En réalité, comme souvent en économie, tout dépend du point de vue que l’on
adopte ou plus exactement du critère éthique que l’on choisit. En l’occurrence,
on peut en envisager deux. Le premier qualifié d’utilitariste considère que l’idéal
est de maximiser le bien être attendu alors que le second met l’accent sur le résultat
final et favorise une solution qui traiterait de façon équitable ceux qui ont
la chance de vivre longtemps et ceux qui meurent prématurément.
Si l’on prend le point de vue utilitariste ex ante, il semblerait
souhaitable d’adopter une fiscalité de l’héritage qui soit d’autant plus lourde
que l’âge du décès est bas. La raison est que plus on prend de l’âge, plus le
patrimoine que l’on détient est destiné à ses descendants. En revanche, une
personne plus jeune, âgée de 60 ans par exemple, détiendra une partie
importante de son patrimoine dans l’intention de financer ses vieux jours et d’éventuelles
dépenses exceptionnelles. Or, on sait que l’épargne à finalité altruiste est
beaucoup plus sensible aux droits de succession que l’épargne qui vise à
financer la retraite ou la dépendance. Et selon un vieux principe économique,
la taxation doit être élevée dès lors que l’assiette fiscale est moins affectée
par l’impôt.
Prenons maintenant le point de vue de l’égalité ex post. Dans la société
dans la quelle nous vivons, on considère souhaitable de vivre aussi longtemps
que possible; en d’autres termes, une mort prématurée est pénalisante. Si l’on
veut assurer une certaine équité entre les personnes de longévité différente,
il convient de permettre à ceux qui décèdent prématurément de laisser plus de
patrimoine à leurs proches qu’à ceux qui décèdent tardivement.
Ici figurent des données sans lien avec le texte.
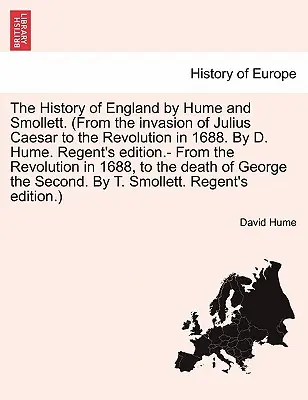 Istoria Angliei de Hume și Smollett. (De la invazia lui Iulius Cezar până la Revoluția din 1688. de D. Hume. Regent's Edition.- De la Re - The History of England by Hume and Smollett. (from the Invasion of Julius Caesar to the Revolution in 1688. by D. Hume. Regent's Edition.- From the Re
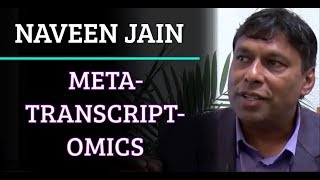 Famous Naveen Jain - Metatranscriptomics Wealth
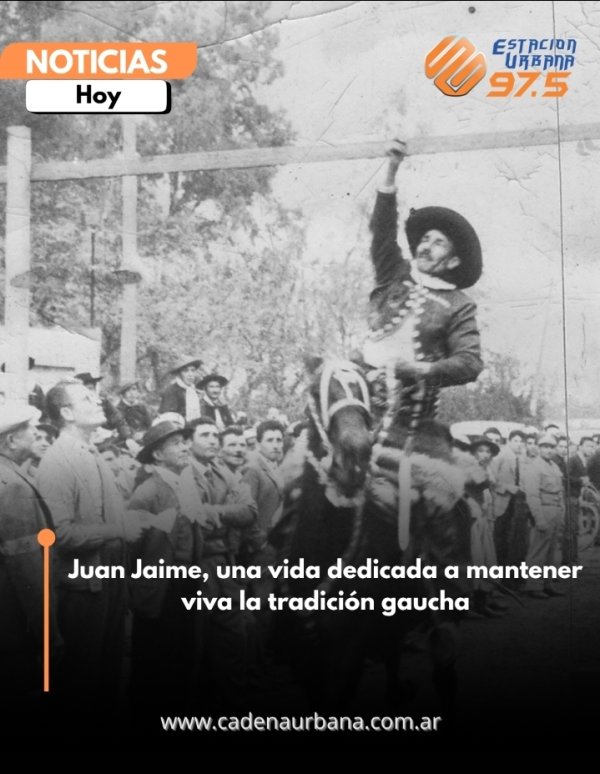 Juan Jaime, una vida dedicada a mantener viva la tradici&oacute;n gaucha
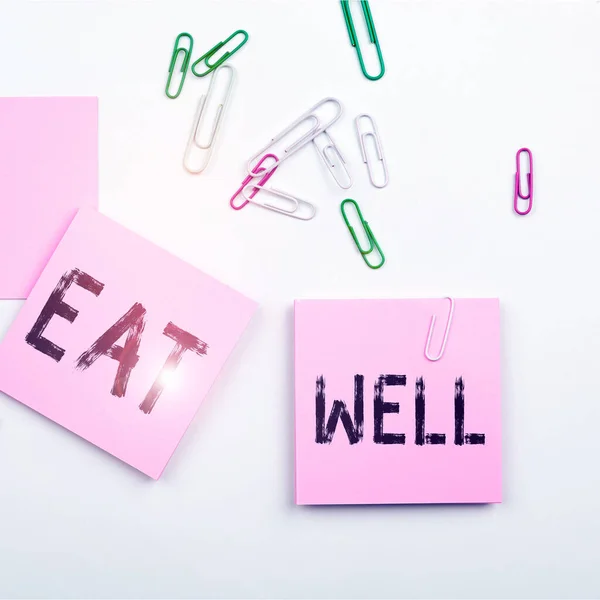 Handwriting text Eat Well, Business approach Practice of eating only foods that are whole and not processed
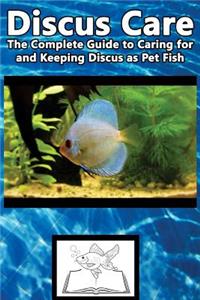 Discus Care: The Complete Guide to Caring for and Keeping Discus as Pet Fish: The Complete Guide to Caring for and Keeping Discus as Pet Fish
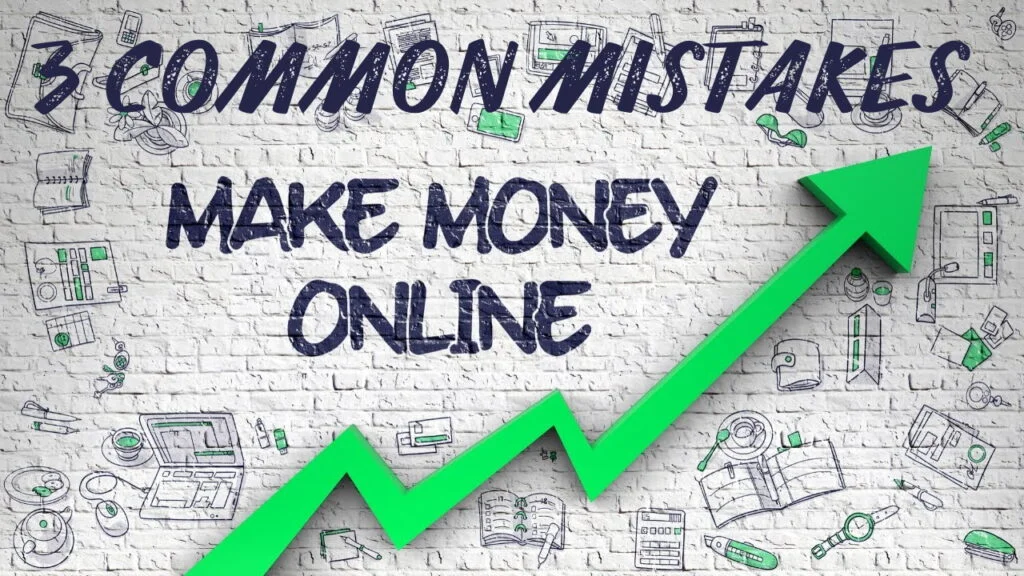 Why Aren't You Making Money on The Net? 2 common mistakes of making money online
Ceci sous-entend
que l’utilité du défunt est d’autant plus élevée que le legs qu’il laisse à ses
héritiers est important. Favoriser ainsi ceux qui ont la malchance de décéder
prématurément est plus défendable puisqu’à
la différence de ceux qui vivent longtemps, ils n’ont pas l’opportunité de réaliser
anticipativement des donations, dont la fiscalité est généralement plus légère.
Il existe un autre argument qui va dans le même sens d’une fiscalité plus légère
pour ceux qui meurent prématurément. C’est l’argument qui prend en compte la présence
de survivants sans ressources, typiquement l’épou(se)x au foyer et des enfants
mineurs. Cette présence est d’autant plus probable que la personne décède
prématurément. Il est peut être préférable de ne pas taxer sa succession trop
lourdement alors que le problème ne se pose pas pour des âges plus avancés.